**WORK REQUIRED**
In this exercise, print only the lines of the records below from the one with "Fairfield by Marriott" through the one with "Вишукані білі шкіряні", inclusive. Pictures are not part of the copy.

**EXTRACTED DATA**
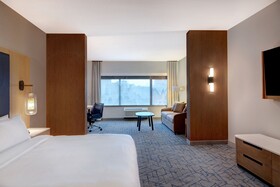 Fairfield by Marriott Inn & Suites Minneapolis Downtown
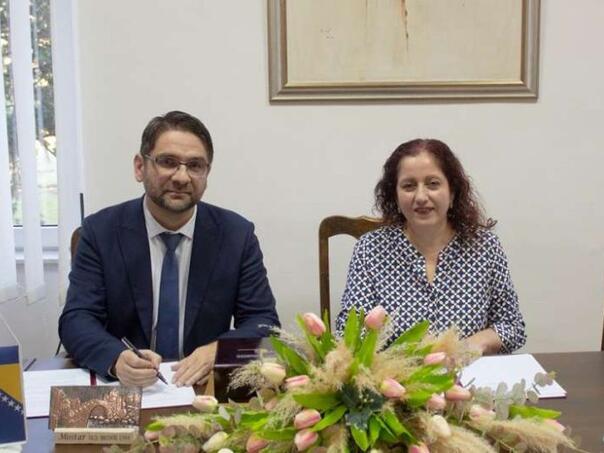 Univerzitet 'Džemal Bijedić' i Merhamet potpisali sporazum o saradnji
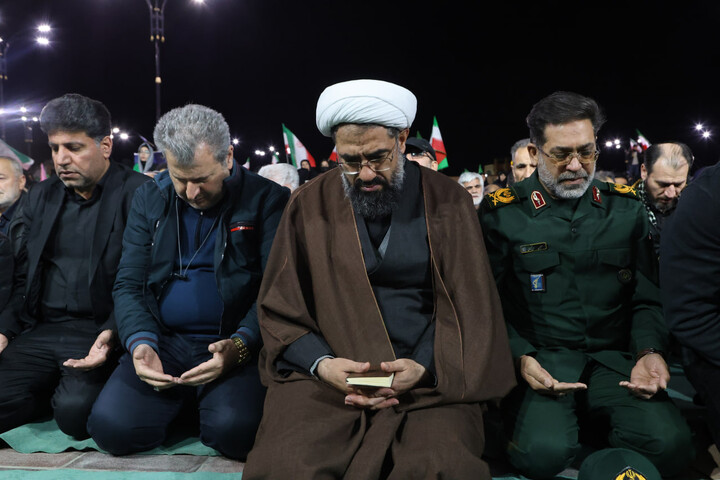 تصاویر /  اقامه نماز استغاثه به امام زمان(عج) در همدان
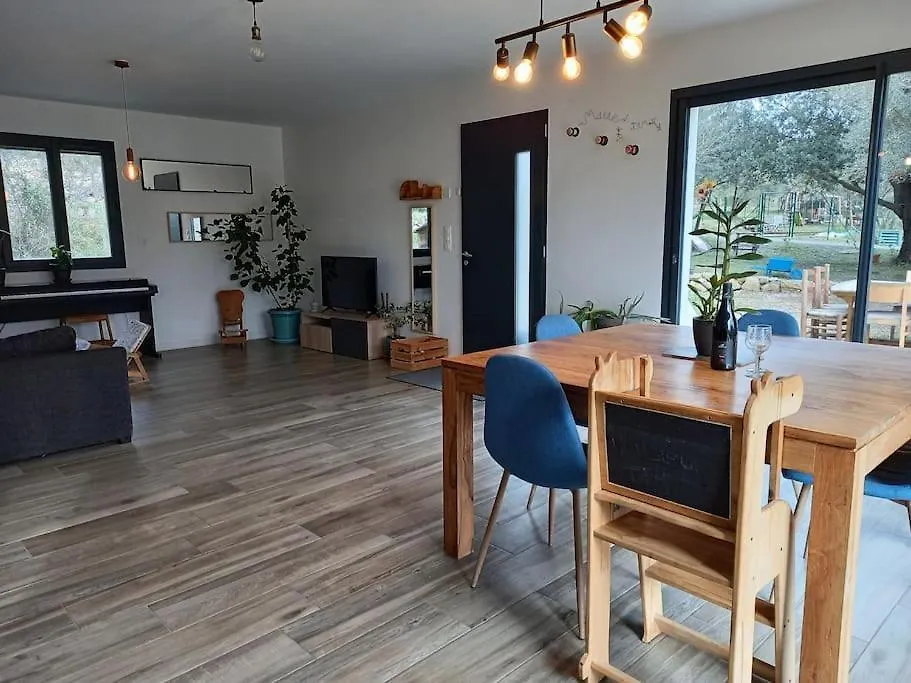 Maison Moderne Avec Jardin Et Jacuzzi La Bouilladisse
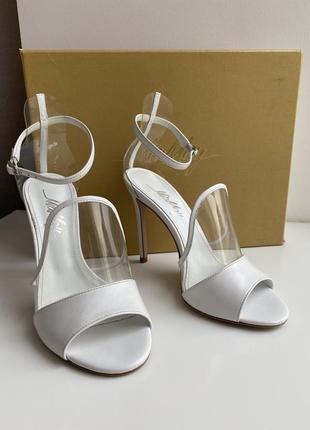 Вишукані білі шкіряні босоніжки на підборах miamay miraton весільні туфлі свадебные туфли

* * *

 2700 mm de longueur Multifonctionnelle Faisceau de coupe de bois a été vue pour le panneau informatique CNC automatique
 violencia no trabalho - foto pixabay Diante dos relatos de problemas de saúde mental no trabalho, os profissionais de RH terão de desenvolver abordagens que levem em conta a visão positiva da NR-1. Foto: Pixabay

**TASK RESPONSE**
 Fairfield by Marriott Inn & Suites Minneapolis Downtown
 Univerzitet 'Džemal Bijedić' i Merhamet potpisali sporazum o saradnji
 تصاویر /  اقامه نماز استغاثه به امام زمان(عج) در همدان
 Maison Moderne Avec Jardin Et Jacuzzi La Bouilladisse
 Вишукані білі шкіряні босоніжки на підборах miamay miraton весільні туфлі свадебные туфли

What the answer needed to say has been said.